Конечно, подобные действия расценивались людьми Средневековья как своеобразное похабное баловство, непристойная шалость. Однако, если они упоминаются в номоканонах, значит в быту они существовали и были известны. Скорее всего, это были игровые пережитки смеховых языческих обрядов, как-то связанных с древнейшими представлениями о разметке территории, освоении пространства, проведении границы или упразднении ее. Церковью они преследовались, скорее всего, как пережитки языческого культа. Столь же греховным считалось мочиться на восток (как, собственно, и на запад): «Грех есть мужу вставшему мочиться на восток или запад, не стыдясь». Церковь воспрещала это потому, что таким актом как бы преграждался путь Вифлиемской звезде, возвестившей, по преданию, о рождении Христа[47]. Мочившийся на восток или запад ритуально проводил непреодолимую для движения этой звезды черту. Таким образом, церковь признавала силу языческого обряда, а вместе с ним и животного инстинкта, на который опирался этот архаический ритуал, из человеческой семантизации которого он вырос на заре культуры.

Следы подобных представлений можно обнаружить и в знаменитых сборниках немецких средневековых шванков.
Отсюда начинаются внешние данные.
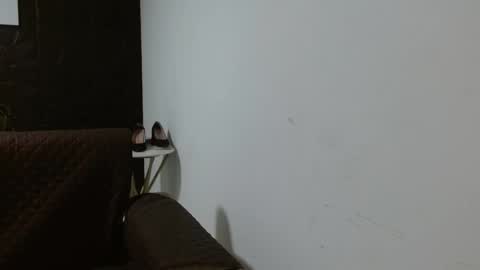 cinthia1609 online show from 28, 2, 2025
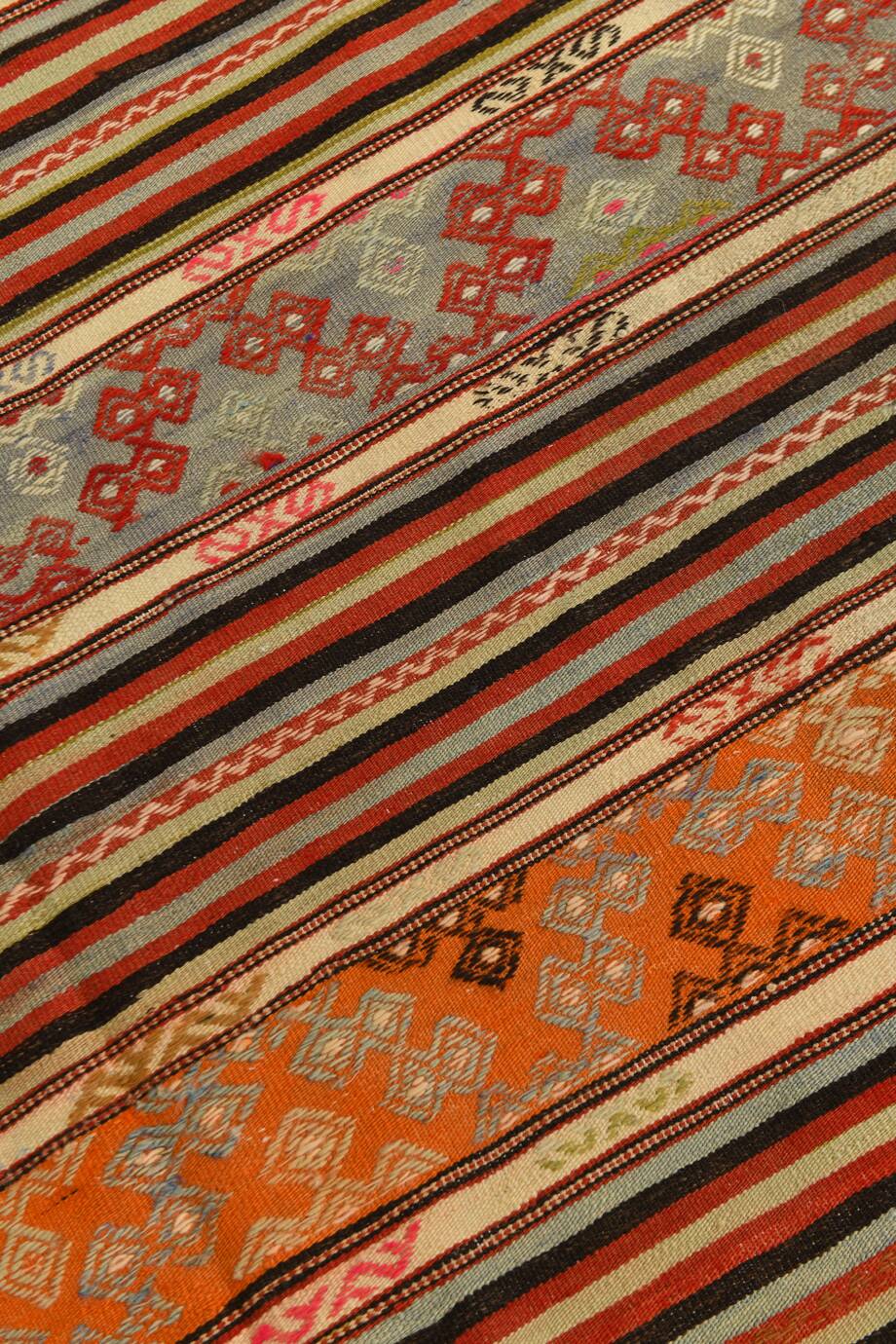 Red & Orange Mid Century Modern Kilim Rug, 174x267Cm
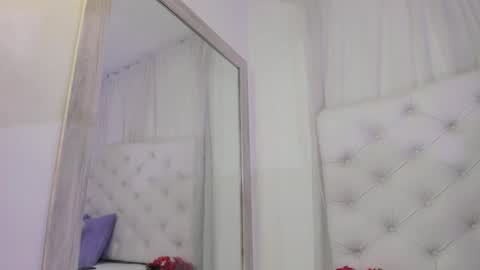 Snapshot of kamila_arias chatting on September 2025 12:08:02 PM online show from September 2025 12:08:02 PM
Так, в сборнике Михаэля Линденера 1558 года под номером пять помещен шванк, рассказывающий непристойную историю о дворянине, не желавшем выдавать свою дочь ни за кого, ежели тому не удастся выкосить за день полоску длинней, чем ручей, который может пустить красавица. Суть этой довольно непристойной истории такова. У крайне обедневшего дворянина, жившего неподалеку от Коверка, была дочь-красавица, руки которой домогались многие. Но она не хотела выходить замуж ни за кого, пока он не докажет ей свою силу, выкосив за день полоску луга длиннее, чем ручей, который она могла выпустить из себя за раз и «который мог растечься на добрую милю, а то и дальше». Далее рассказывается история о хитром крестьянине, который вместо того, чтобы косить быстрее других, галантным поведением, хорошим угощением и льстивыми разговорами сумел соблазнить бедную дворянку. Она не смогла победить его в соревновании, и он на ней женился.

вернуться

44

Ахилл Татий. Левкиппа и Клитофонт. Лонг. Дафнис и Хлоя. Петроний. Сатирикон. Апулей. Метаморфозы, или Золотой осел. М.: Худож. лит-ра, 1969. С. 269.

вернуться

45

Там же. С. 273.

вернуться

46

«Асе грехи злые смертные…»: Любовь, эротика и сексуальная этика в доиндустриальной России (X — первая половина XIX века). М.: Научно-издательский центр «Ладомир», 1999. С. 48.

вернуться

47

Там же. С. 98.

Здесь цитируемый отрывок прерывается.